Prompt =>
An exact transcription is needed of the lines below from the one with "Hollywood Lounge Accent" through the one with "Requisiten von BABYVIVA", with no other lines and no pictures.
..........
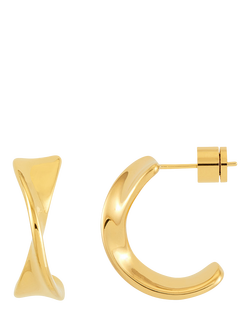 Estella Bartlett THE EDIT Waterproof Twist Hoop Earrings, Gold, Gold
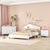 3-Pieces Bedroom Sets Full Size Platform Bed with Nightstand and Storage Dresser for Space Saving in White Pink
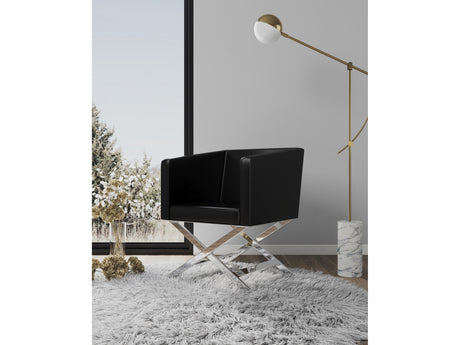 Hollywood Lounge Accent Chair in Black and Polished Chrome (set of 2) - Ornate Home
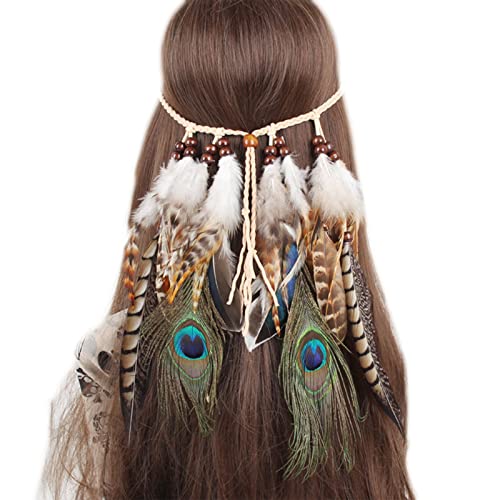 BABYVIVA Federn Stirnband Mit Holzperlen Gypsys Haarzubehör Für Festival Maskerade Party Mädchen Foto Requisiten BABYVIVA Federn Stirnband Mit Holzperlen Gypsys Haarzubehör Für Festival Maskerade Party Mädchen Foto Requisiten von BABYVIVA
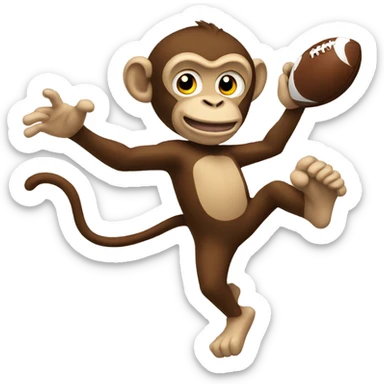 Monkey kicking football sticker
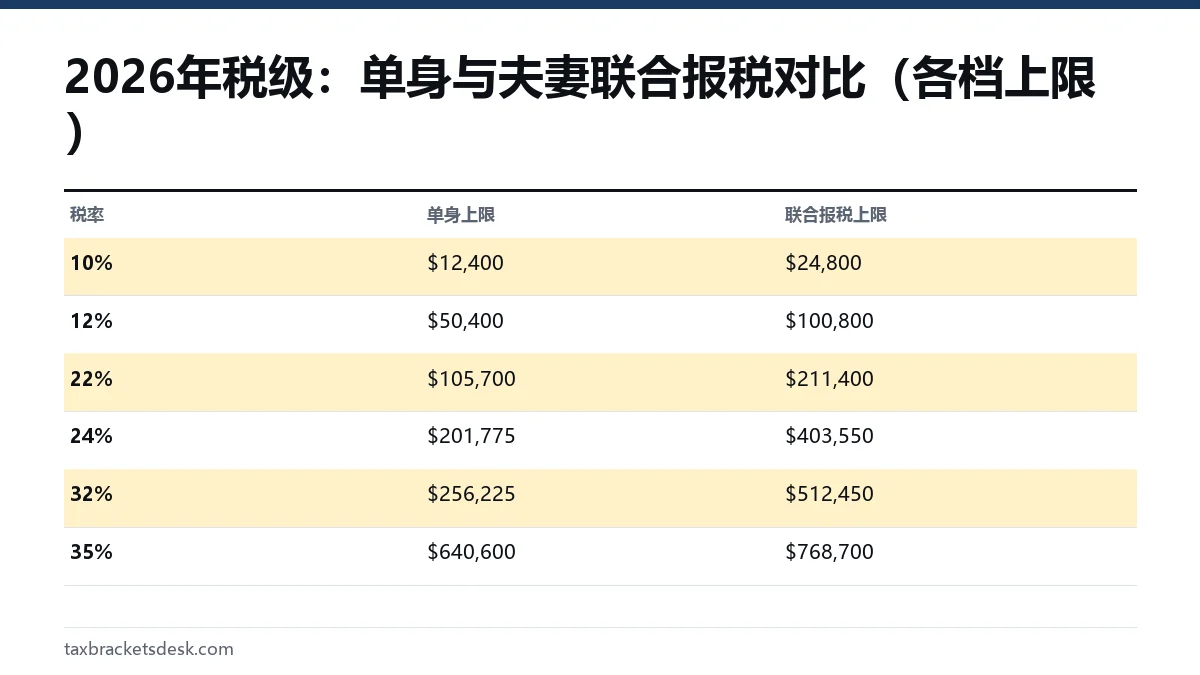 2026年税级:单身与夫妻联合报税对比(各档上限)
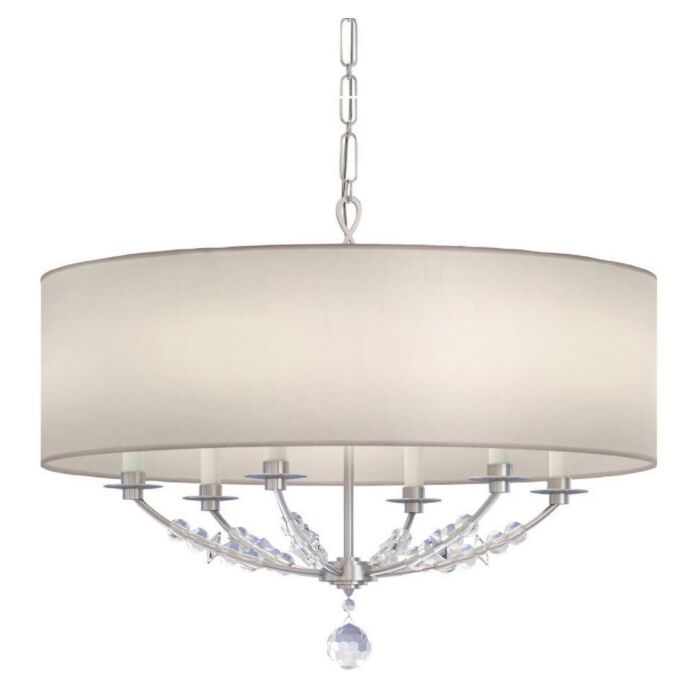 Crystorama Mirage 6 Light 23 Inch Modern Chandelier in Polished Nickel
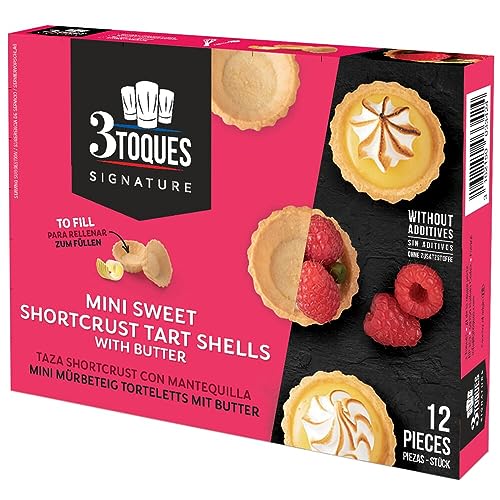 3 Toques Mini Sweet Shortcrust Tart Shells with Butter - 1x12 von Brand New Cake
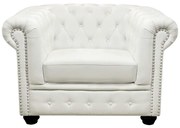 ΠΟΛΥΘΡΟΝΑ T.CHESTERFIELD HM3011.02 ΤΕΧΝΟΔΕΡΜΑ ΛΕΥΚΟ ΜΑΤ 110x90x73 εκ.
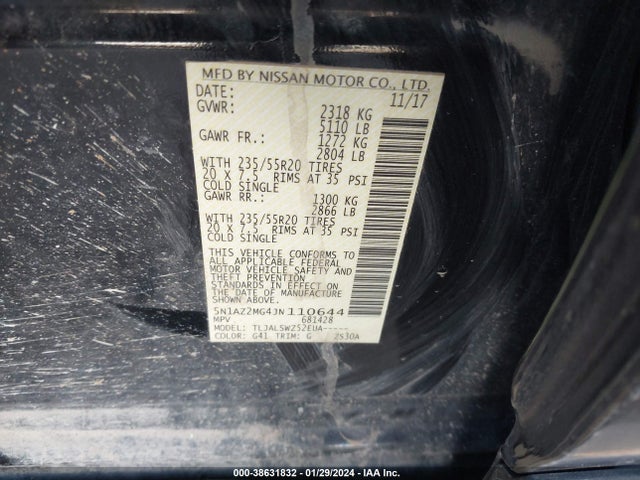 Nissan Murano Platinum 2018 5N1AZ2MG4JN110644 Image 9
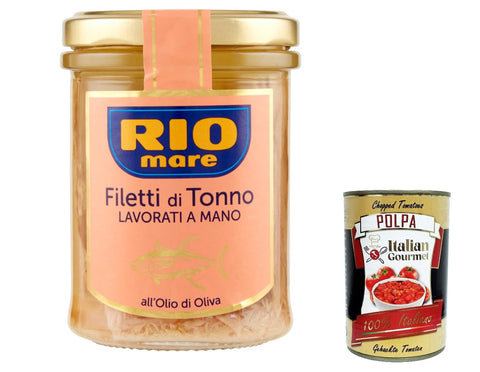3 x Rio Mare Filetti di Tonno all'Olio di Oliva Tuna Fillets with Olive Oil, Handmade, 180 g + Italian Gourmet Polpa 400 g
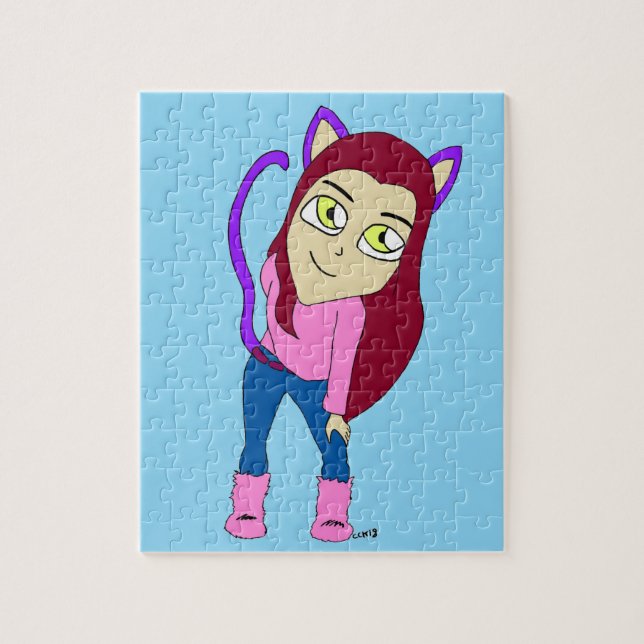 Puzzle chibi fillette chat  (Vertical)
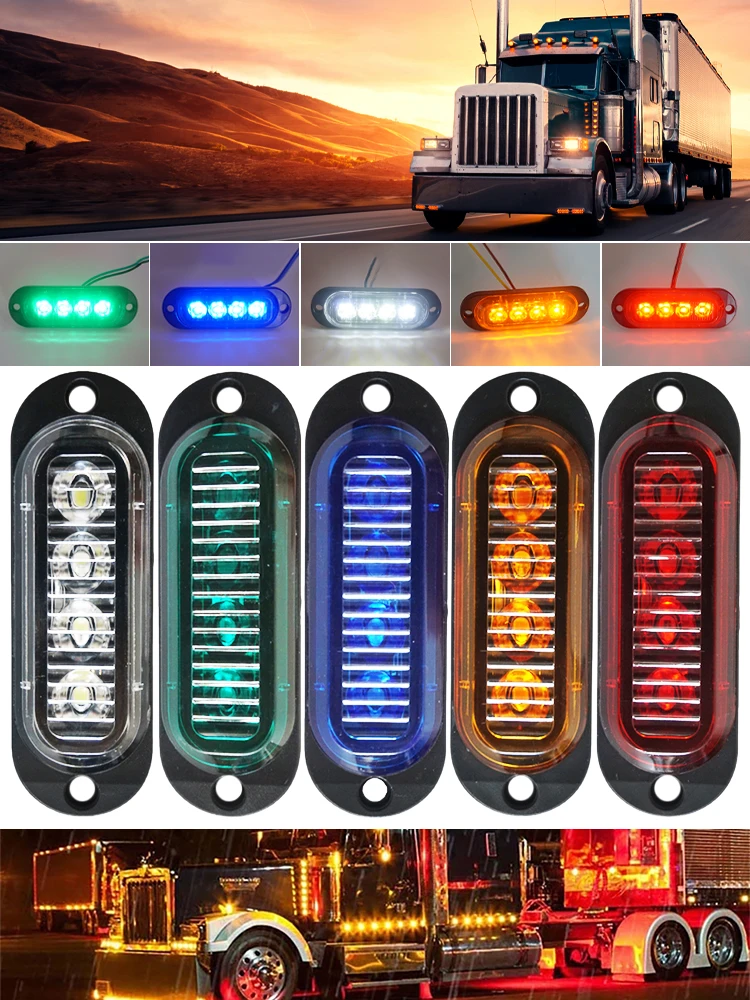 

10pcs 4 LED Car LED Trailer Side Marker Light 12V-24V Indicator Light 90 LM Warning Lamp Rear Light Waterproof Auto Accessories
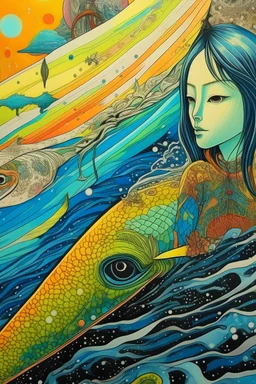 a close up of a painting of a person on a surfboard, an ultrafine detailed painting, inspired by Yoshitoshi Mori, psychedelic art, zoology! fantastical creatures, pointillisme, japanese 1 9 8 0's album cover, in the styles of joan miro, painting of ornate space ship, colored photo, yuya nagai, rendering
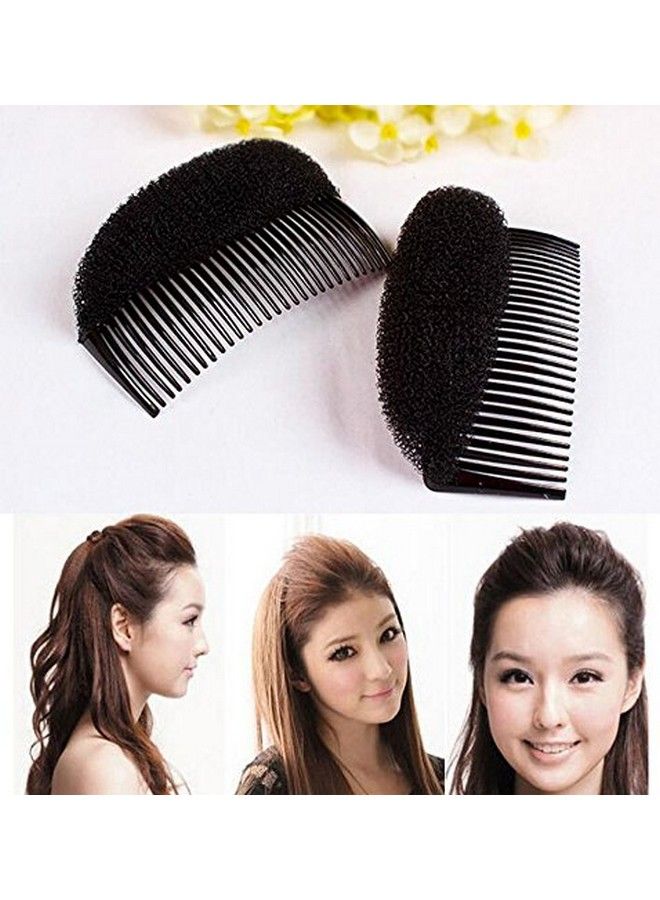 2Pcs 23 Teeth Hair Fringe Volume Bump Up Inserts Toolshair Pin Hair Styling Clip Hair Charming Insert Do Beehive Tool Maker Hair Comb Hair Style Accessories (Black)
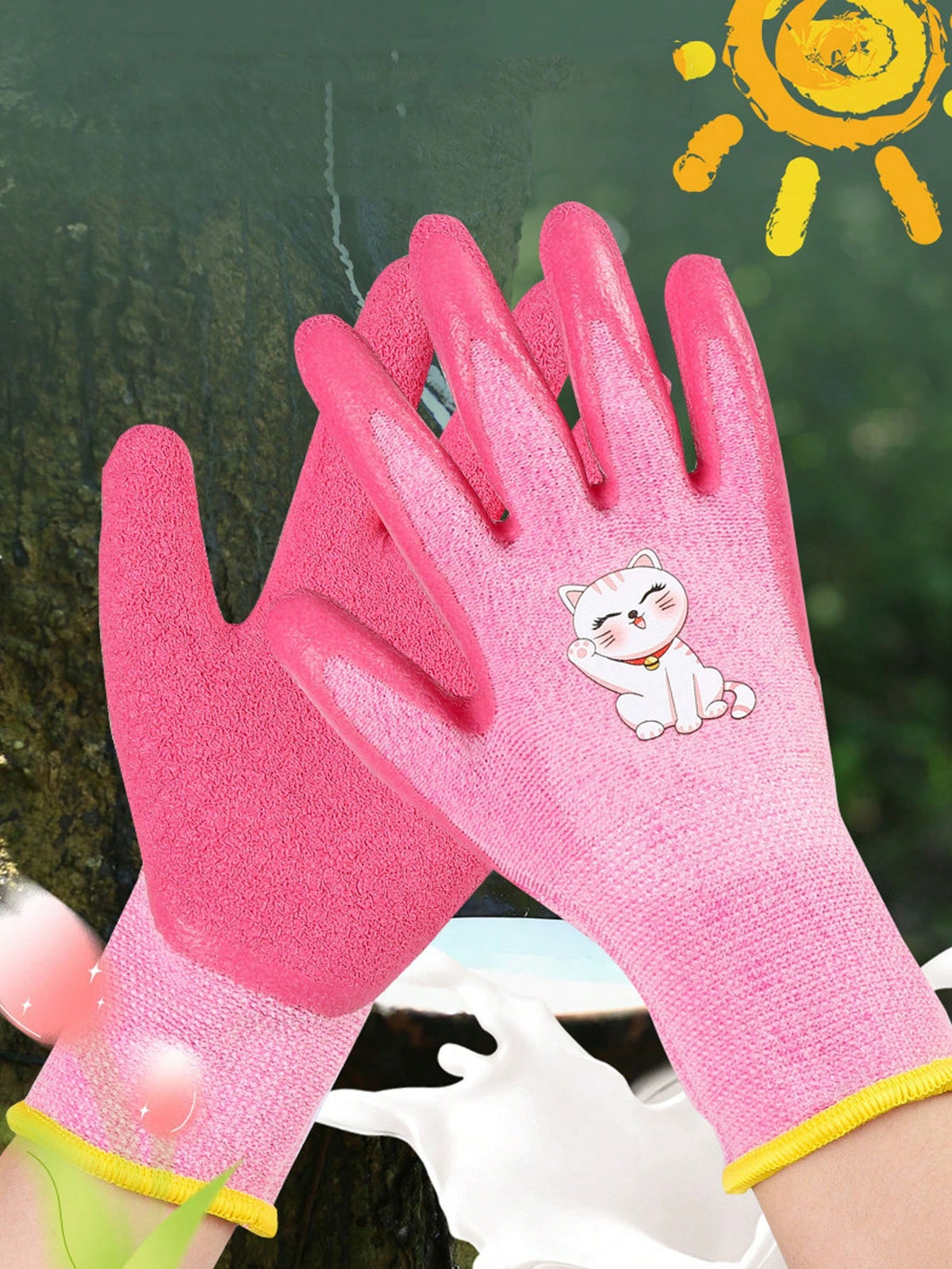 1 Pair Children's Gardening Gloves- Knitted Elastic Lining, Waterproof/Stain-Resistant, Non-Slip With Latex Rubber Coating, Prov, First Day Of School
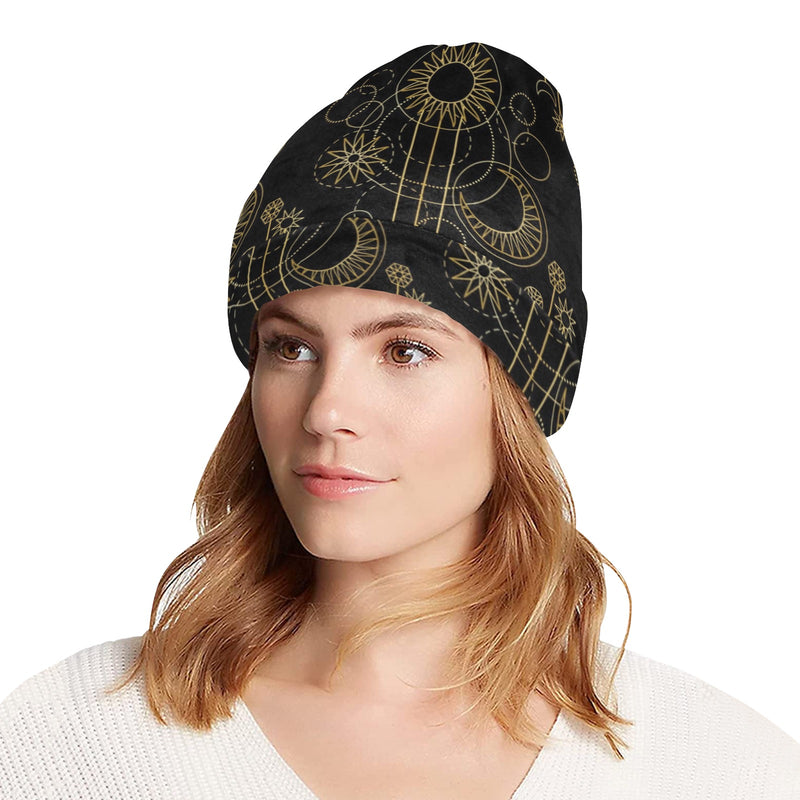 Moon Boho Style Pattern Print Design 01 Unisex Beanie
..........
Your response =>
 Hollywood Lounge Accent Chair in Black and Polished Chrome (set of 2) - Ornate Home
 BABYVIVA Federn Stirnband Mit Holzperlen Gypsys Haarzubehör Für Festival Maskerade Party Mädchen Foto Requisiten BABYVIVA Federn Stirnband Mit Holzperlen Gypsys Haarzubehör Für Festival Maskerade Party Mädchen Foto Requisiten von BABYVIVA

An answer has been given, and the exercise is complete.